Wpis z mikrobloga

@nomysza6666: jest po prostu mocniejszy od zwykłego palenia, a jak go palisz bezpośrednio z lufki czy bonga, to cały czas się fajnie tli. No i też dosyć mocno daje w płuca i gardło. Pozostawia po sobie takie lekkie pieczenie i duszenie, więc jak się skopcisz, to don't panic ( ͡° ͜ʖ ͡°)

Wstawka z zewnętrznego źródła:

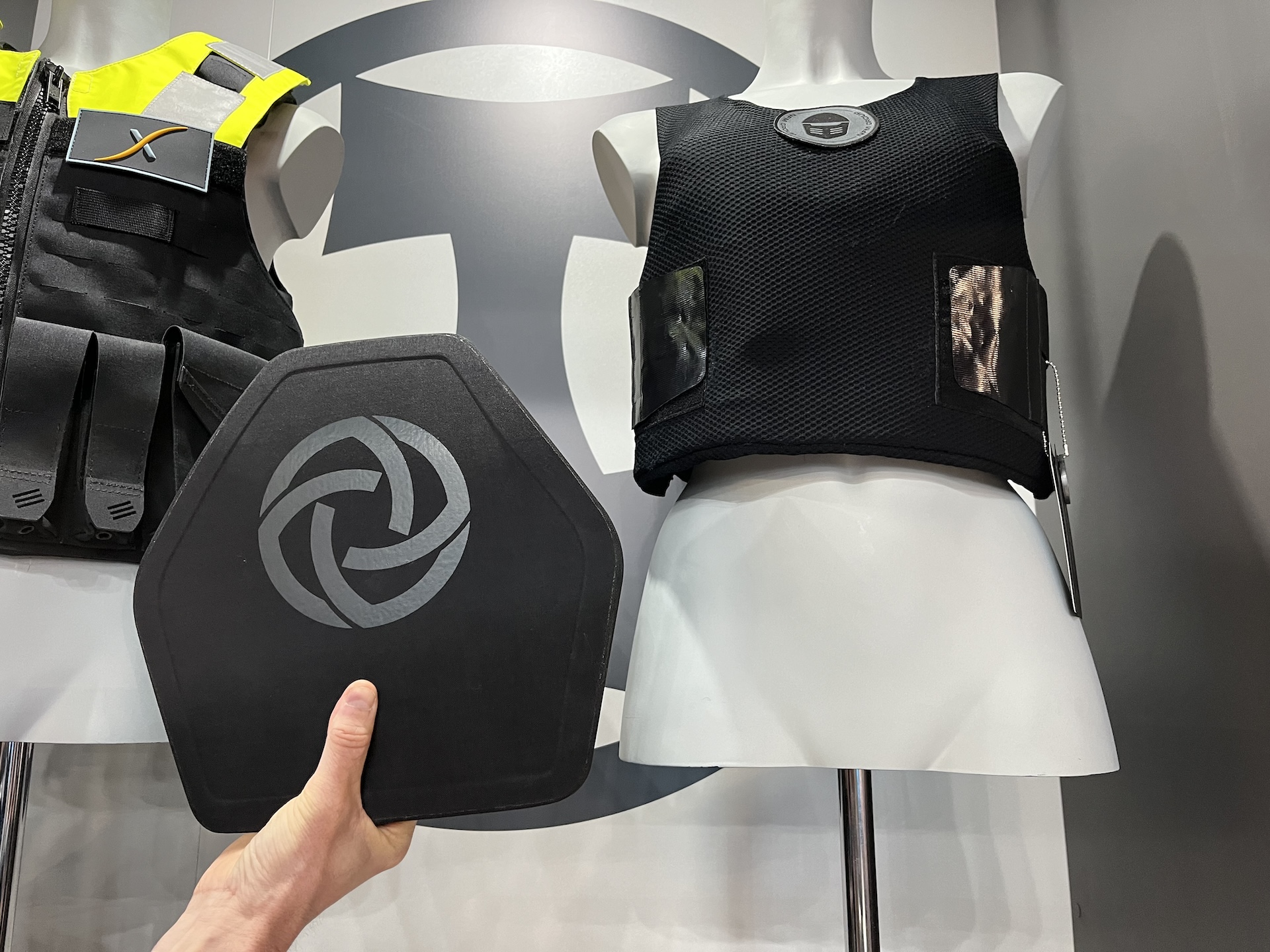 Platte und Schutzweste für Frauen beim Stand der Hexonia auf der Enforce Tac.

@Saprofit: Koles ma dobre opinie, ogolnie masa osob z cebulki czekala na produkty od niego, a jeszcze napisal, ze hasz bedzie lepszej jakosci bo bedzie z topkow brzydko wygladajacych a nie z resztek po trimmingu ( ͡° ͜ʖ ͡°) Ciekawe jak cenowo wyjdzie, ale moze zakupie ( ͡° ͜ʖ ͡°)
@nomysza6666
Z tą mocą to bym się nie napalał, bo potrafi być łagodniejszy w działaniu i osobiście zwykle na taki trafiałem. Odmiany typowo haszowe mają specyficzny profil działania. Często bardziej uspokajający, ale są różne i może być też kisior.
Generalnie warto spróbować, jeśli nie próbowałeś. Najwydajniej jest chyba palić wsadzając całą kostkę do lufy, a jeszcze wydajniej jest zrobić jogurt z haszem( ͡° ͜ʖ ͡°)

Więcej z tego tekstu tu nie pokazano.